Site Reliability Engineer - Tactical Reconnaissance & Strike

Anduril Anduril · Defense · Atlanta, GA · Tactical Recon & Strike : Tactical Recon & Strike Engineering : TRS - Systems Engineering

Site Reliability Engineer for a defense technology company focusing on autonomous drones and rocket motors. Responsibilities include deploying and managing cloud environments, integrating platform services, maintaining data pipelines and observability infrastructure, and supporting field operations.
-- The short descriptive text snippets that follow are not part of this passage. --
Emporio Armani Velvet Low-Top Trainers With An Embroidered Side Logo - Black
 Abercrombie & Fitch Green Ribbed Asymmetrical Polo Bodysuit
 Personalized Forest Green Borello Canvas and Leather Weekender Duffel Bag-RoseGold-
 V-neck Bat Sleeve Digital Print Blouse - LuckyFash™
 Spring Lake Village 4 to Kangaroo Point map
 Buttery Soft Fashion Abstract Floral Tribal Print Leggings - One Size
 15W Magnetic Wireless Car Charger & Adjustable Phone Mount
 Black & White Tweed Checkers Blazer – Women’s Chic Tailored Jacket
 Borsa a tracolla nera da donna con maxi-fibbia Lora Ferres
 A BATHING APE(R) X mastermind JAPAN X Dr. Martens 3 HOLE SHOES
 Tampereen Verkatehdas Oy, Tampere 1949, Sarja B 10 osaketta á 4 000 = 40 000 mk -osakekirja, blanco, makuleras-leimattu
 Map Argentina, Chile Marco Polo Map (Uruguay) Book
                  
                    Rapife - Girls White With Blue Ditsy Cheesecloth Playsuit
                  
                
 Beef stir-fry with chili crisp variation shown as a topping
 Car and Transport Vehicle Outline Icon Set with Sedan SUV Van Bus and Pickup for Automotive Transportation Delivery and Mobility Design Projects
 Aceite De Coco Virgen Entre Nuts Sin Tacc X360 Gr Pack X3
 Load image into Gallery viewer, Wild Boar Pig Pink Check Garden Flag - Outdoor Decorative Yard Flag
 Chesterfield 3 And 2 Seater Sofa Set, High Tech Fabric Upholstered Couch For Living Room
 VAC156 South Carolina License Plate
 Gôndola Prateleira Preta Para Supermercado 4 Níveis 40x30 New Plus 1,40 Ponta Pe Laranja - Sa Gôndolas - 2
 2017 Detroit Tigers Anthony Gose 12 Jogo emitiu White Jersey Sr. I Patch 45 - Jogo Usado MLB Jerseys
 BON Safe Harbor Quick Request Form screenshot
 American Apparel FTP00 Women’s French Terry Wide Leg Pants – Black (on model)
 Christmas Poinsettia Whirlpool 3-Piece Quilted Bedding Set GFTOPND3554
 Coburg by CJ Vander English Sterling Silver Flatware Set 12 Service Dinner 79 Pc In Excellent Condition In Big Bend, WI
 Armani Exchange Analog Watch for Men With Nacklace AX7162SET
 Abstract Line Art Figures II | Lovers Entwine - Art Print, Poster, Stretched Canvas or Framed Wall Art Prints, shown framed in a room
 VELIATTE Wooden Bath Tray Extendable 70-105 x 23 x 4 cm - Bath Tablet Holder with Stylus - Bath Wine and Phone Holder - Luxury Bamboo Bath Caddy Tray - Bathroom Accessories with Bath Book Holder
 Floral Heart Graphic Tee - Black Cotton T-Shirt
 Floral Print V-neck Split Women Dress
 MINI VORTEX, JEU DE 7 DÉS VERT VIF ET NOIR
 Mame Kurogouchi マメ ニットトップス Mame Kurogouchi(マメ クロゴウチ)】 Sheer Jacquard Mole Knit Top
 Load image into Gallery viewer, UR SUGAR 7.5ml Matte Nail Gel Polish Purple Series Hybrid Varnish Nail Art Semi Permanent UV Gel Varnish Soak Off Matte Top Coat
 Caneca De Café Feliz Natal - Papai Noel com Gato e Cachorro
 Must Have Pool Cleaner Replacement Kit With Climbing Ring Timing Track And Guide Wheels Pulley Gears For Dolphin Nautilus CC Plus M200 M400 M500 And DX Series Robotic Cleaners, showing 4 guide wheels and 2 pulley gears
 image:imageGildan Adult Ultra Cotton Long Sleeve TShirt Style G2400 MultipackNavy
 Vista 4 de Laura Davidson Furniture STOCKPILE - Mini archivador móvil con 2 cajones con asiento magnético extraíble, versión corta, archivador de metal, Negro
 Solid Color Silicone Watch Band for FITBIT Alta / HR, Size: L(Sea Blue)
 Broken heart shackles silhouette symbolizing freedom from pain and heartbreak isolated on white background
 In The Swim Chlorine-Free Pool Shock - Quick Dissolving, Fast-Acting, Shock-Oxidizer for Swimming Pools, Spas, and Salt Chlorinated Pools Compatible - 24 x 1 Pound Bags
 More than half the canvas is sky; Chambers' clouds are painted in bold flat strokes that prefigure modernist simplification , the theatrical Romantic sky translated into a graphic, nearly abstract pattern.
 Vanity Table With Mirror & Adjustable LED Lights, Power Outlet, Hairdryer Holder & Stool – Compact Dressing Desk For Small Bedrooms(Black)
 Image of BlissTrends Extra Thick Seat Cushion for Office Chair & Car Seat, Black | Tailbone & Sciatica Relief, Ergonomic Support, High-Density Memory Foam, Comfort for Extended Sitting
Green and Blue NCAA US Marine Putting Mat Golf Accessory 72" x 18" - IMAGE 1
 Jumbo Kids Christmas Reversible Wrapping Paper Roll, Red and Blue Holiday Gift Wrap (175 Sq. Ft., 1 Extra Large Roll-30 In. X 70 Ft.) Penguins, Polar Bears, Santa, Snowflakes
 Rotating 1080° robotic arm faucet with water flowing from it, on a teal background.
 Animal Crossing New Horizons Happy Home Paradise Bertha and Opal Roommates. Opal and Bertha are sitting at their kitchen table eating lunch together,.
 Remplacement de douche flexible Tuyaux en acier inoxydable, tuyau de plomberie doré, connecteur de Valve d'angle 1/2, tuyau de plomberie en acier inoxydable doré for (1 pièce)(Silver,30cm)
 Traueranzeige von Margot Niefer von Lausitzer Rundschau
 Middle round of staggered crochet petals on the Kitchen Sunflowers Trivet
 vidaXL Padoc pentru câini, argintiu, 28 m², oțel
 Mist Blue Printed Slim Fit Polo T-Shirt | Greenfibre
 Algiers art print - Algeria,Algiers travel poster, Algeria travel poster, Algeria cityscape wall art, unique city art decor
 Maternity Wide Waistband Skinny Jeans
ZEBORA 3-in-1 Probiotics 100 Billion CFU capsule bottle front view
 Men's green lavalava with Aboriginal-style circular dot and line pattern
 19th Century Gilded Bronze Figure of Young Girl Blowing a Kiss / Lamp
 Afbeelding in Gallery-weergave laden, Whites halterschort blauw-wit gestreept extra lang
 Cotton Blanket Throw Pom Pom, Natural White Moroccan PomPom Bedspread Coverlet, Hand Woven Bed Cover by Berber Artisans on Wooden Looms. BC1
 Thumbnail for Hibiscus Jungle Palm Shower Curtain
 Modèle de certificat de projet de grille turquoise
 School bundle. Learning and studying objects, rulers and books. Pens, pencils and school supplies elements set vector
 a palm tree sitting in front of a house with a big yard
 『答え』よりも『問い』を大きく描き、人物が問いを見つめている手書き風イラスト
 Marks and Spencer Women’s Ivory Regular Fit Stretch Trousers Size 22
The role requires strong skills in cloud platforms, CI/CD, IaC, containerization, and monitoring tools.

What you'd actually do

  1. Own and execute customer and developmental cloud deployments across TRS product lines, ensuring reliable configuration management, version control, and seamless promotion of releases from development through production environments.
  2. Evaluate, prototype, and integrate emerging platform capabilities (such as RDF and MissionSim) and/or 3rd party services (such as Arena AI and AFATDS/AXS) to improve data discoverability, consistency, and analytical capabilities across TRS systems.
  3. Maintain and enhance existing data pipelines, metrics frameworks, and monitoring solutions including Grafana and Nominal; ensure high availability, data quality, and actionable insights for engineering and operations teams.
  4. Collaborate directly with field operation teams during feature rollouts to conduct real-world testing, troubleshoot issues in operational environments, gather actionable feedback to inform system improvements and ensure mission success, and enable customer self-serve provisioning of environments.
  5. Partner with leadership to establish integration engineering functions and best practices across all TRS product lines, developing reusable patterns, documentation, and tooling that accelerate deployment capabilities and operational maturity.

Skills

Required

  • Python
  • CI/CD tools like GitHub Actions, Jfrog Artifactory, and Git
  • IaC tools (Terraform, Ansible)
  • cloud platforms (Azure, AWS, GCP)
  • containerization (Docker)
  • container orchestration (Kubernetes)
  • logging and monitoring tools (Nominal and Grafana)
  • parallel computing frameworks (CUDA, OpenCL)
  • collaborative tools (JIRA, Confluence)
  • U.S. Secret security clearance

Nice to have

  • networking
  • cloud technologies
  • application development
  • hardware design
  • cybersecurity

What the JD emphasized

  • Eligible to obtain and maintain an active U.S. Secret security clearance.